Aware of the sensitivities surrounding the issue, Councilman Scott Peters attempted to distance himself from Madaffer’s comments. A memo he sent to pension trustees this week discussing the waiver was met with strong resistance by at least one outspoken pension trustee, Thomas King.

Levitt, hired in February to help cure the city’s ills, spoke of an unnecessary “atmosphere of fear.”

“I wish they would understand that the alternative of taking what limited risks that are involved in providing us with those documents is far greater than the series of events that are to be triggered by their not providing. Their not providing it suggests an outcome that I think none of us really desire,” he said.

To that end, Aguirre repeatedly advised the council to urge the pension board to waive the attorney-client privilege because it was in the best interests of retirees and employees – not the city. Such an argument allows the city to articulate the need of the waiver without compromising the board’s independence.

Throughout the process, a lack of communication between entities also appears to have been pervasive. In May, Troy Dahlberg, one of Levitt’s associates, said that no one ever told the pension board why the waiver was important.

And up until recently, some council members were under the impression the audit could be finished without the waiver.

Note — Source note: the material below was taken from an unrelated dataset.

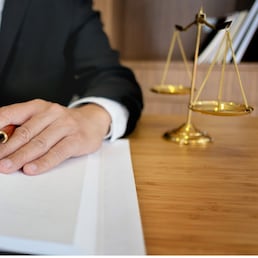 justice consultant working in courtroom / law firm.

Now, pension board members appear to be worried that they could be held personally liable for their actions should they waive, something that Levitt’s attorneys say isn’t the case.

Pension Trustee Bill Sheffler, said he favors waiving the attorney-client privilege even though the “the city’s problems are not those of its pension plan.”

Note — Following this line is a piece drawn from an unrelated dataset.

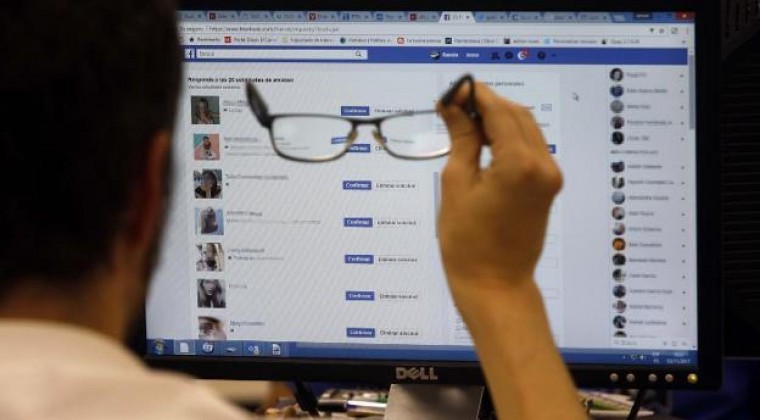 La Policía habilitó el número *377 para denuncias de sextorsión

But, Sheffler said the city has now taken “the low road.”

“The City Council is aware of the liabilities that the SDCERS board would assume if it approved the waiver, but the city attorney has threatened board members with personal liability for performing their duty and the City Council has declined to provide indemnity for any resulting risk,” Sheffler said.

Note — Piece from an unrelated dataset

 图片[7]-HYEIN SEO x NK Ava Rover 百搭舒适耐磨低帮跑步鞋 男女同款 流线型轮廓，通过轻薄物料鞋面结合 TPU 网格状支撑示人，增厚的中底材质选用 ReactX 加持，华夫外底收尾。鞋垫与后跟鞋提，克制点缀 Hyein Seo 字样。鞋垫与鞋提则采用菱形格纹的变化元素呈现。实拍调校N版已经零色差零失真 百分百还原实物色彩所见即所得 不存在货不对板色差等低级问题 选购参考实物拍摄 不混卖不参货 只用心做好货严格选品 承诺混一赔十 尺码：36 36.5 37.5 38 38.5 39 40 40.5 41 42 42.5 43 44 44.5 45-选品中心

Aguirre, in an interview, said only that each board member’s individual risk was irrelevant.

“Whether they have liability or don’t isn’t the issue, they can’t put their own interests ahead of the pension system’s participants, and it’s in the pension system’s best interest that the illegal acts audit be completed,” Aguirre said.

Like the city, the pension system should not have proceeded with past reports and audits of its funds without conducting an illegal acts investigation of its own, which would have included a release of the coveted documents.

Sheffler said the independence of the pension board should be respected.

“The citizens of San Diego voted to reconstitute the board last year, because the City Council puppets on that board had not lived up to their fiduciary obligations,” he said. “Now, there’s an independent board and the City Council can’t abide it.”

Levitt was in town to apprise the council of the progress of his audit committee, which is tasked with being a go-between for the city and its outside auditors, KPMG, as well as federal investigators.

He said bankruptcy shouldn’t have to be an option for San Diego because of the strength of the local economy, but warned that no solution should be discounted at this point.

“This is not an economic problem, in my opinion. It’s a political problem. It’s a problem of will. It’s a problem of mobilizing the assets of the community to come to a solution,” Levitt said.

He estimated that the audit committee, comprised of three accountants and two attorneys, is costing the city about $800,000 a month. He said he expects such a charge for the coming months and hopes to be done by the start of 2006.

The waiver must be attained soon, Levitt said. He and his colleagues also stressed an immediate change in actuaries for the pension system.

However, pension administrators chose not to place the item on the docket last week after the audit committee had called for a new actuary over concerns of the actuary’s actions and assumptions.

Scott Lewis contributed to this report.